**Task directions**
The pictures stay out; all of the data is to be printed exactly.

-- Input data follows --

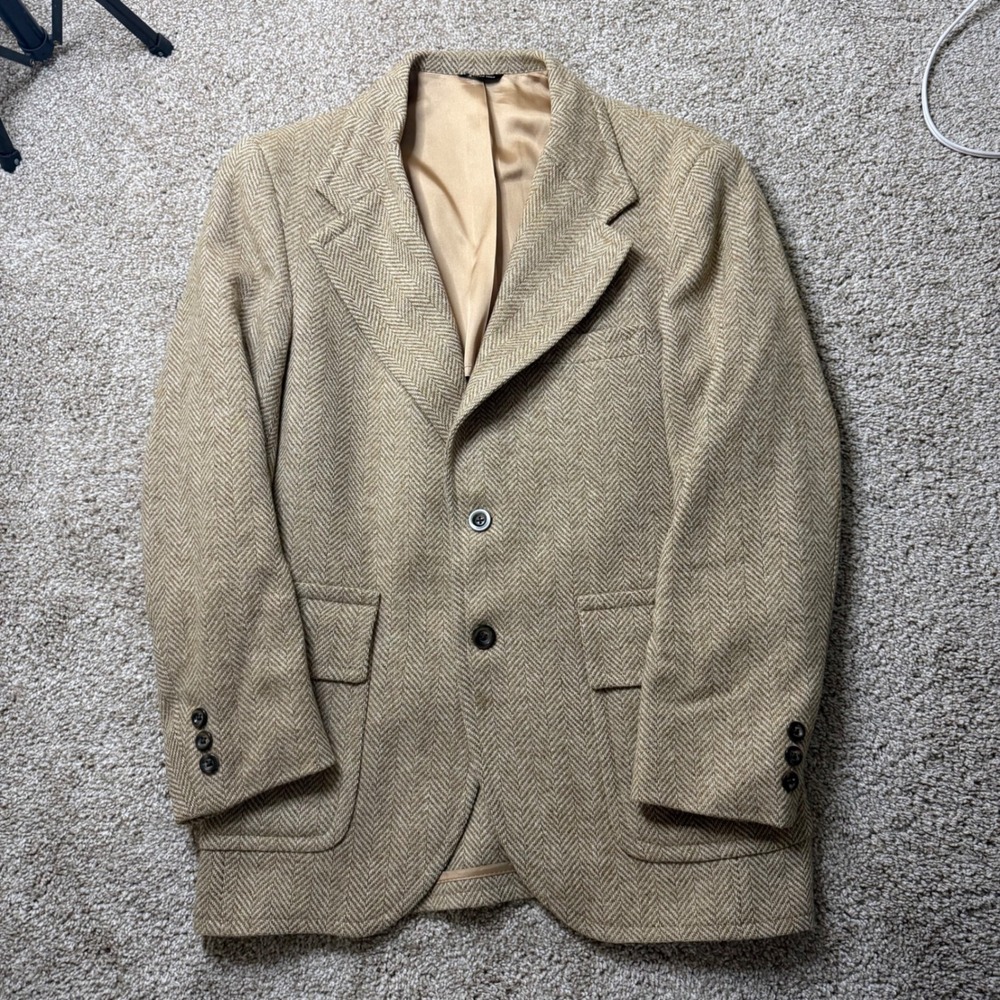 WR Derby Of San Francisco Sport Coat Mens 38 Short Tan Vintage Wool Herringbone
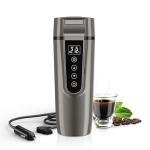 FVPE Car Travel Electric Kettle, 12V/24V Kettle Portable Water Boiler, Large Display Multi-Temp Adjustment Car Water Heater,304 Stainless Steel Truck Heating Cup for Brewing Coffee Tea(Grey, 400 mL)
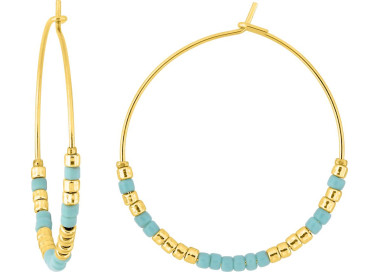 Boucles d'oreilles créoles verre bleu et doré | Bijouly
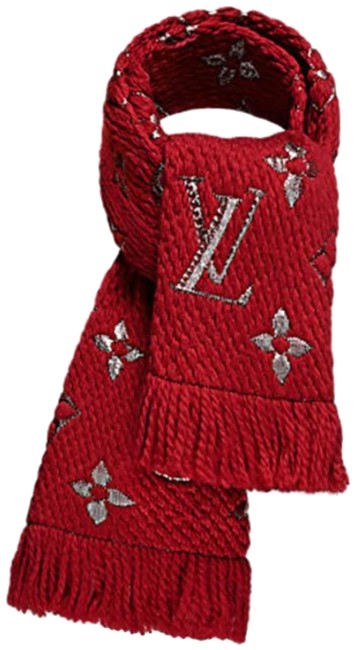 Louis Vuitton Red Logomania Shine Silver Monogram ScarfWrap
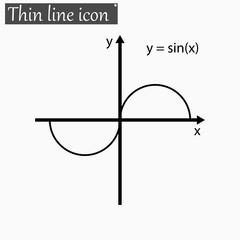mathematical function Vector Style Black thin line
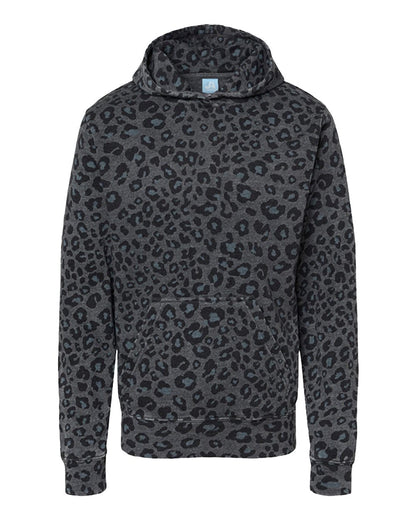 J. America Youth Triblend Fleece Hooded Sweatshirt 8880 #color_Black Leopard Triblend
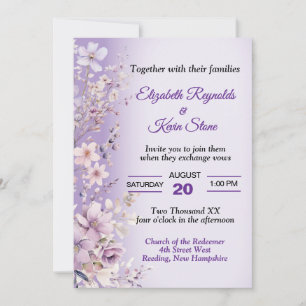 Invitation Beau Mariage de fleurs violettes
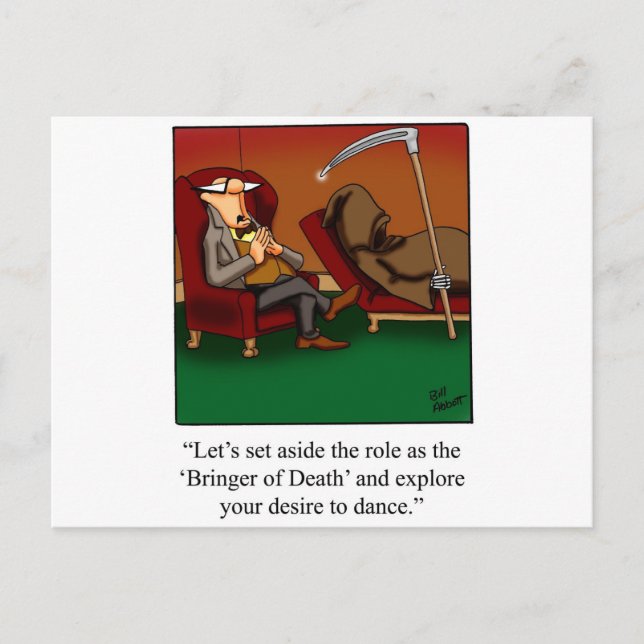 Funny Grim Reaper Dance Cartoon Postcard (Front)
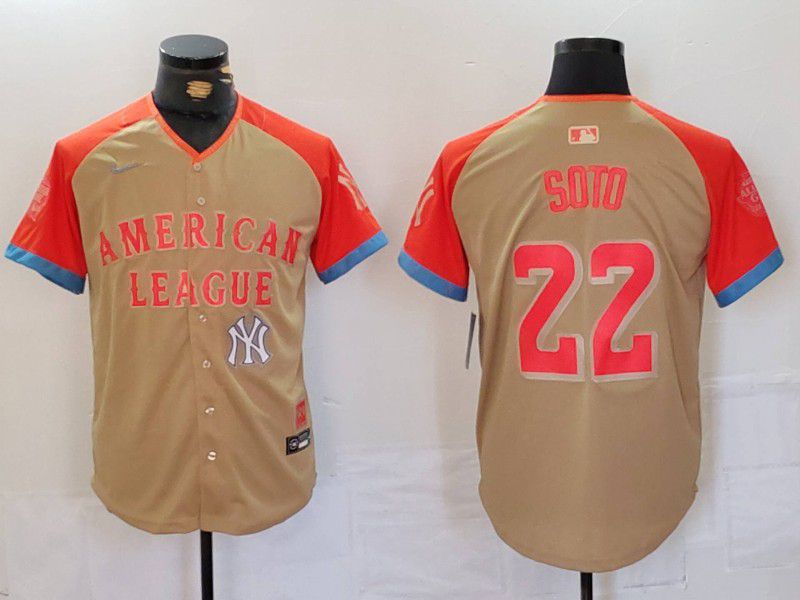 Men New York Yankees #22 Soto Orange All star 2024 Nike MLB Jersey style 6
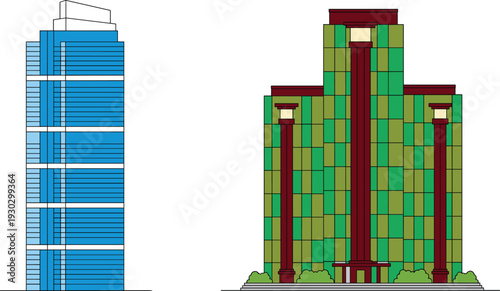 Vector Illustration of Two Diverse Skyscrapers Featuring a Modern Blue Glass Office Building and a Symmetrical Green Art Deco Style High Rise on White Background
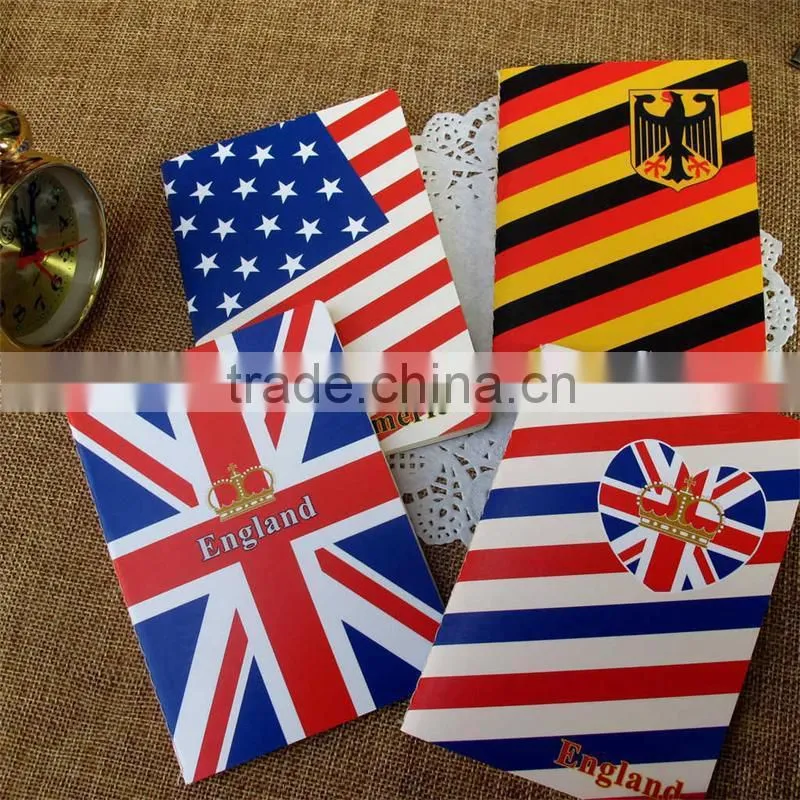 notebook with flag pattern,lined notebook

-- Input data concluded --

**Completed exercise**
 WR Derby Of San Francisco Sport Coat Mens 38 Short Tan Vintage Wool Herringbone
 FVPE Car Travel Electric Kettle, 12V/24V Kettle Portable Water Boiler, Large Display Multi-Temp Adjustment Car Water Heater,304 Stainless Steel Truck Heating Cup for Brewing Coffee Tea(Grey, 400 mL)
 Boucles d'oreilles créoles verre bleu et doré | Bijouly
 Louis Vuitton Red Logomania Shine Silver Monogram ScarfWrap
mathematical function Vector Style Black thin line
 J. America Youth Triblend Fleece Hooded Sweatshirt 8880 #color_Black Leopard Triblend
 Invitation Beau Mariage de fleurs violettes
 Funny Grim Reaper Dance Cartoon Postcard (Front)
 Men New York Yankees #22 Soto Orange All star 2024 Nike MLB Jersey style 6
 Vector Illustration of Two Diverse Skyscrapers Featuring a Modern Blue Glass Office Building and a Symmetrical Green Art Deco Style High Rise on White Background
 notebook with flag pattern,lined notebook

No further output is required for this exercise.